Tuesday, April 9, 2013

Mercer - “Reading Racial Fetishism: The Photographs of Robert Mapplethorpe”



In “Reading Racial Fetishism: The Photographs of Robert Mapplethorpe,” Kobena Mercer explores the work of Robert Mapplethorpe. Mercer describes Mapplethorpe’s subject matter “gay, S/M ritual, lady bodybuilders, black men,” as representative of a “reworking of the old modernist tactic of “shock the bourgeoisie.” This subject matter, with a “vaguely transgressive quality…is given heightened allure by his evident mastery of photographic technology.”
Mercer begins to focus on the “photographs primary [representation of] a ‘look’.” A photographs ability to produce a ‘look,’ Mercer believes, in the case of Mapplethorpe’s Black Males, does not represent “the individual behind the lens, but as a cultural artifact that says something about certain ways in which white people “look” at black people and how in this way of looking, black male sexuality is perceived as something different, excessive, Other.”

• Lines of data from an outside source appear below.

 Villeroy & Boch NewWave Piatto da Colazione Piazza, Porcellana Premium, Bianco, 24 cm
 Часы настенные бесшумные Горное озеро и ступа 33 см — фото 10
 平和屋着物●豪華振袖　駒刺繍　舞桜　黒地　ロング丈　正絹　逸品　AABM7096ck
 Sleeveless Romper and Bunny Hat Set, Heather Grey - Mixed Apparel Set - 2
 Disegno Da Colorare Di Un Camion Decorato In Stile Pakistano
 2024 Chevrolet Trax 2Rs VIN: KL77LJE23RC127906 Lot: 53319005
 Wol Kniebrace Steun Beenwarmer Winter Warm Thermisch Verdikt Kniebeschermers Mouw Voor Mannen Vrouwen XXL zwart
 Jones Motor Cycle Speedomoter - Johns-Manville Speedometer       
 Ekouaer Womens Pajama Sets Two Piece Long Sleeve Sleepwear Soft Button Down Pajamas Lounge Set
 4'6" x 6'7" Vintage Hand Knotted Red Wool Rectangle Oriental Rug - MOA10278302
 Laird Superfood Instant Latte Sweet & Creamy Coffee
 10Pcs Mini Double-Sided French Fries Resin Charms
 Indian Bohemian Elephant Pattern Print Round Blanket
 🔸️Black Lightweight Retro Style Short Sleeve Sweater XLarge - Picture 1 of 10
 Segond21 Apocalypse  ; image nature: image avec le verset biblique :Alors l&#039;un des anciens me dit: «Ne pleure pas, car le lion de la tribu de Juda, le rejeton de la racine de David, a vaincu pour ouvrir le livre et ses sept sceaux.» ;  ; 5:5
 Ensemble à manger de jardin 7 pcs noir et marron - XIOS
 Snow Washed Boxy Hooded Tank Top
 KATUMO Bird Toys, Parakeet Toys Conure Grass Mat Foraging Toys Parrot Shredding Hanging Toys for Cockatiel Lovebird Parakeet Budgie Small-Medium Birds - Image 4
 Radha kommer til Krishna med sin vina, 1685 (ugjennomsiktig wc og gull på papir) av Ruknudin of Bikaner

This idea of the perception, by white people of black people, references earlier art historical representation in art of the “Other” or the orient during the 19th century. Also, interestingly, the general representation of the other in this manner was often portrayed in a heightened sexual manner.
During the 19th century, it was often through the gaze of the male artist the orient way depicted through the female nude. This representation of the female other often, unfairly, fabricated the orient as weak, and vulnerable in comparison to the powerful, and dominating west.
This representation through the guise of the male artist recalls to me the notion of the photograph as representative of the ‘look’. Mapplethorpe’s photograph, according to Mercer, function as a representation of the way in which white people sees black people, not necessarily how they truly are.